To paraphrase the opening tone-setting tale “Portrait of a Chair” – an account of duality and consciousness narrated by a main character-turned-armchair — these entries are ones of potential “frisson, not exactly of pleasure, but certainly of a kind of alertness, a sense of being alive, and for a purpose. ”I’m not sure if the ideas and images in “Portrait of a Chair” (which evokes for me a featured piece of ostensibly anthropomorphic furniture in Neil Diamond’s “I Am, I Said”), dissipate entirely in another cautionary tale of interior décor, but “Nowhere Room” traces a miniature portrait of a boy forced to spend his formative years wedged in the wooden floor of his room. Kid-tested, Mom-reproofed!
This kind of curt quirkiness and characterization finds more extended wordplay and repartee in such accounts as Julie Sokolow’s “The Lobster Kaleidoscope,” as it probes an inter-species love that dares not speak its coordinates. More stylistically, clipped forms of experimental lit lie in bite-size increments peppering the prose of “Instance” by John Cairns, marked as well with self-referential torn-wall asides (“Somebody’s reading this! I felt something. I’m a character in a story. Am I being read now?”). And the seemingly straightforward narrative of Katherine Khorey’s “Autumn Jewel” still makes for an intriguingly enigmatic portrait of a teen coping with the death of an older sister. In poetry, the striking verse of Jeremy Reed’s “Rock ‘N’ Roll Suicides” expressively counts off the deaths of “excess bingers hallucinating in the drop / into the roaring underground.”

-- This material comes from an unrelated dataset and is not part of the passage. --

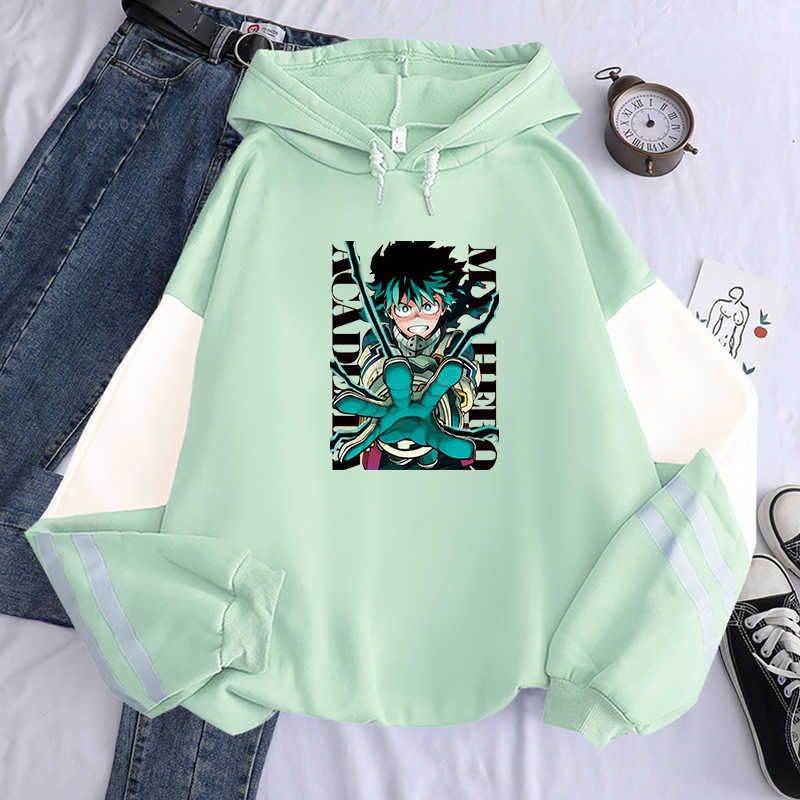 Sudadera De Moda Anime Mi Hero Academia Deku Sudaderas Sudadera De Moda Anime Mi Hero Academia Deku Sudaderas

Putting a primacy on showcasing writers who “would like to create language which is like … bared teeth,” Justin Isis notes how “Perfection of such writing is not the end result….The stories in this book which escape boredom do so by corrupting their own forms, digesting themselves.” It’s not fast food for thought, however, even as Isis goes on to declare, “Feel free to eat this book, tear out any pages which displease you, add corrections and emendations. Feel free, as always, to write lies in the Book of Life.” A truer characterization of unbridled rebel spirit and richly attitudinal contents under pressure could not be made.